Я люблю бывать в Европе, особенно из-за музыки и великолепных музыкантов, со многими из которых я познакомился благодаря нашей продукции и общим друзьям как в мире бизнеса, так и в искусстве. С маэстро Гербертом фон Караяном мы стали близкими друзьями в 1966 году, когда он дирижировал в Токио. Он не помнил, что мы встретились с ним раньше, но в 1953 году во время поездки в Европу я посетил его, когда приехал в Вену. В то время она еще была оккупирована союзническими державами, и для поездки туда я должен был получить специальное разрешение в Лондоне.

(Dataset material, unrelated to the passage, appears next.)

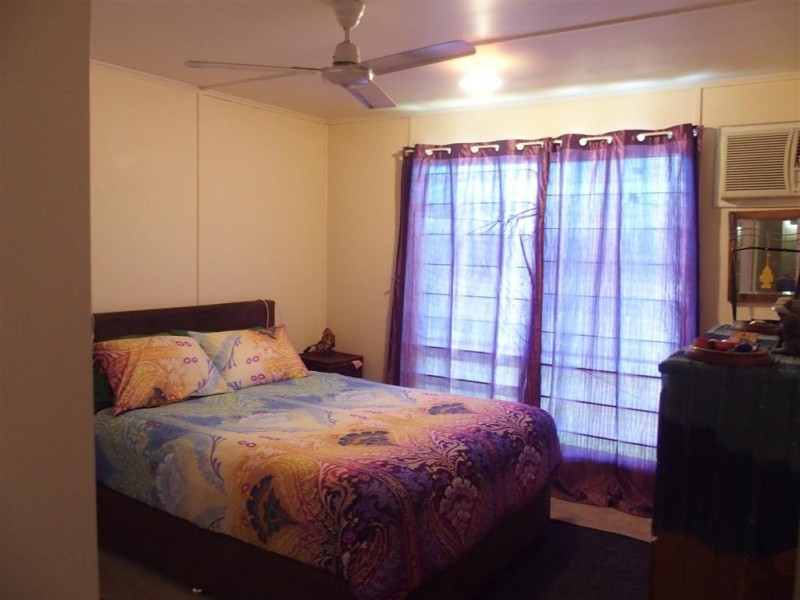 30 Littlefield Street, Blackwater QLD 4717
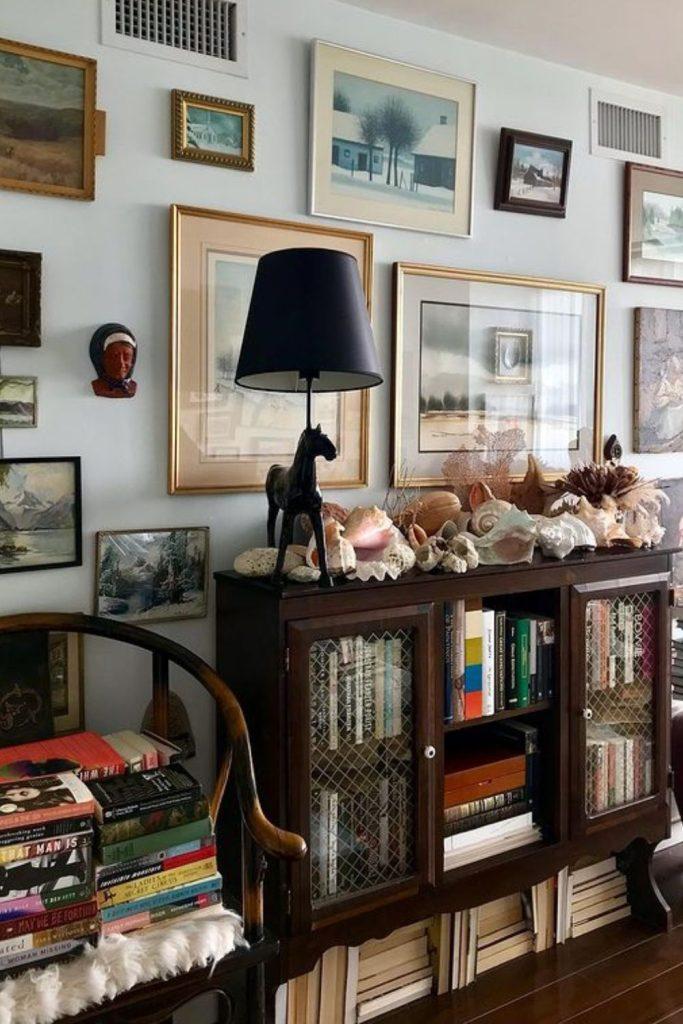 Incorporate quirky knick-knacks⁣ that ​tell a story⁤ in your ⁢Vintage⁤ Living Room ​decor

Тогда я только что посмотрел фильм «Третий», в котором рассказывается о событиях, происходивших в Вене. Мне было очень интересно увидеть этот город интриг и тайн. Я заказал номер в отеле через нью-йоркского агента бюро путешествий и, приехав в город ночью, отправился в отель. Утром, когда я спустился в столовую позавтракать, я увидел почти на всех столиках красные флажки. Накануне вечером я их не заметил, но теперь мне стало ясно, что я в советском секторе, и в этом отеле жили главным образом советские офицеры. Мой друг японский композитор Синдзи Тояма в то время учился в Вене и пришел в отель, чтобы встретиться со мной. Он явно был взволнован. «Почему ты остановился в русском секторе?» — прошептал он, нервно озираясь по сторонам. Я пожал плечами и продержался там еще пару дней. Номер в отеле заказал мне агент из бюро путешествий, и я не знал, как поправить дело. Метрдотель посадил меня за угловой столик, который меня очень устраивал; мне ни с кем не надо было говорить, я мог только наблюдать.

Я отправился в Венскую филармонию и познакомился там с великим фон Караяном, который, конечно, уже был прославленным дирижером. Он спросил меня: «Чем вы занимаетесь, господин Морита?» Я объяснил ему на ломаном английском, что я занимаюсь производством и продажей электроники и делаю магнитофоны. «Прекрасно,— сказал он.— Вы знакомы с Максом Грюндигом? Вас следовало бы посетить его». Нет, ответил я ему, я не знаком с Максом Грюндигом, но бывал на знаменитом электронном заводе «Грюндиг» в Германии, до того как поехал в Вену. Но меня не представили великому человеку немецкой радиопромышленности. К сожалению, мне не удалось побывать там еще раз, но я познакомился с Грюндигом через несколько лет. Караян часто приезжает в Японию, и он нередкий гость в нашем доме.